Data for processing:

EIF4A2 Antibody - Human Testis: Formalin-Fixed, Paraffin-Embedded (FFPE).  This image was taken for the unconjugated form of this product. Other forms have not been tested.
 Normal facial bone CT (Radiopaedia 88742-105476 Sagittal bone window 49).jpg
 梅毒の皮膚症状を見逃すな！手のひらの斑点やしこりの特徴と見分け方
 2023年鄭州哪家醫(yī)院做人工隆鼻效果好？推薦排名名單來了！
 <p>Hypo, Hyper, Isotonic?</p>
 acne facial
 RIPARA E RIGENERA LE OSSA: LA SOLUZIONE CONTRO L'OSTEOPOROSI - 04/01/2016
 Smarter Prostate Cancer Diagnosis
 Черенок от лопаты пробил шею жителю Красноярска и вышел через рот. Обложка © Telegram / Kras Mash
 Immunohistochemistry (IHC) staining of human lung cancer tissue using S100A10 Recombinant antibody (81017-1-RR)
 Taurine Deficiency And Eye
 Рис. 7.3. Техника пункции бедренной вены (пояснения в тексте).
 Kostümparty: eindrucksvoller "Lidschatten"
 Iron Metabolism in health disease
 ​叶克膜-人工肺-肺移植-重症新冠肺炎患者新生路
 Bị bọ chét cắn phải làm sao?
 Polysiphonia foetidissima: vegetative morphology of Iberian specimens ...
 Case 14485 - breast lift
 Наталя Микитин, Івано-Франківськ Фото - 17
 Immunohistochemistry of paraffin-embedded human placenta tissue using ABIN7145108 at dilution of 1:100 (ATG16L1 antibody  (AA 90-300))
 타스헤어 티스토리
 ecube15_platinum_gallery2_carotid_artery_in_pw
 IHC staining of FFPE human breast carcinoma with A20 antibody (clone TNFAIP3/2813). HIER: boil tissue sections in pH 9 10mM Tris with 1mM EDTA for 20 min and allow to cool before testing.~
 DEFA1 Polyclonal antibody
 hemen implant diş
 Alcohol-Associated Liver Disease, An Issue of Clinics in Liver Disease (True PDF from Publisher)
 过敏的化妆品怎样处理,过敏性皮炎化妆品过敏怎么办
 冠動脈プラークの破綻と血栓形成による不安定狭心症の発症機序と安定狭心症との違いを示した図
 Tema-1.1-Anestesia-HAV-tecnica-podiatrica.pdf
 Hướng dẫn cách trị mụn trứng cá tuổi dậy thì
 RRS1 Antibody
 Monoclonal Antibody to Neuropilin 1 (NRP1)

Work required: Reproduce, please, the lines of the material from its first line down to the line containing "Черенок от лопаты", keeping both ends and nothing beyond them.

Task response:
EIF4A2 Antibody - Human Testis: Formalin-Fixed, Paraffin-Embedded (FFPE).  This image was taken for the unconjugated form of this product. Other forms have not been tested.
 Normal facial bone CT (Radiopaedia 88742-105476 Sagittal bone window 49).jpg
 梅毒の皮膚症状を見逃すな！手のひらの斑点やしこりの特徴と見分け方
 2023年鄭州哪家醫(yī)院做人工隆鼻效果好？推薦排名名單來了！
 <p>Hypo, Hyper, Isotonic?</p>
 acne facial
 RIPARA E RIGENERA LE OSSA: LA SOLUZIONE CONTRO L'OSTEOPOROSI - 04/01/2016
 Smarter Prostate Cancer Diagnosis
 Черенок от лопаты пробил шею жителю Красноярска и вышел через рот. Обложка © Telegram / Kras Mash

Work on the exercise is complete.